Justin and John, part of the #4449 firing and support crew, asked Alan if he could fire his GS-4 (guess what the answer was!!!)









Alan thinking he has died and gone to heaven:











And to top it all off --- Doyle looking over Alan's GS-4 and its Mars light (thanks to ChilliCharliefor the pics with Doyle) :









And signing the inside of the cab roof!!!









Obviously you have to run the San Joaquin Daylight when you are next to *The Mother Ship* (#4449):


















One of the biggest highlights of Rail Fest 2009, *Leviathan *at her very first public showing:









On the turntable:









And with a backup light necessary for FRA approval!!

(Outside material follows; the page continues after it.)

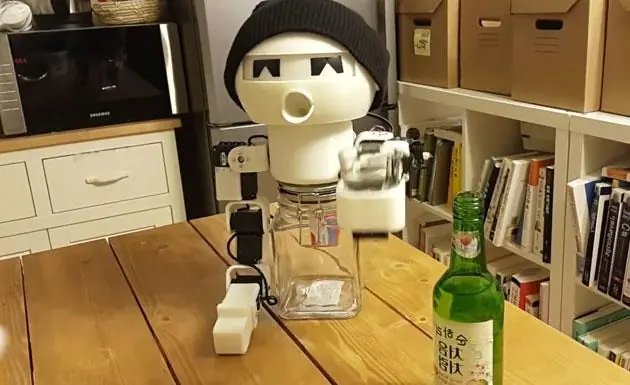 beber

And a final picture that really made the trip fun: son Brent with his three boys and Uncle Jeff with his C-16 --- and #4449 in the background:









Thanks again to Bob, SteamTom 1 & 2, Fred, Fritz, John Fuller and all the others that made this possible. It was tough to miss NSS, but with #4449 this event just had to win out!

Best regards,

Alan


----------



## Charles (Jan 2, 2008)

Alan
The event was once in a life time event. One of the most amazing events having the opportunity to steam up and ride the actual "real" locomotive. Then there were the extras with the "fly boys" and Ford exhibit. Thanks for posting the photos.


----------



## aankus (Jan 5, 2008)

great 'shot' of Doyle inquiring about the Live Steam GS 4 ....after being inside the Daylight's cab I felt it's 'complexity' was much more akin to a 747's....a great tribute to it's Drivers ! 
Observing Doyle's 'topside' in picture #2 must indicate the Daylight's Engineer window must be quite short ; > {0


----------



## artgibson (Jan 2, 2008)

Enjoyed all o your pics.
.


----------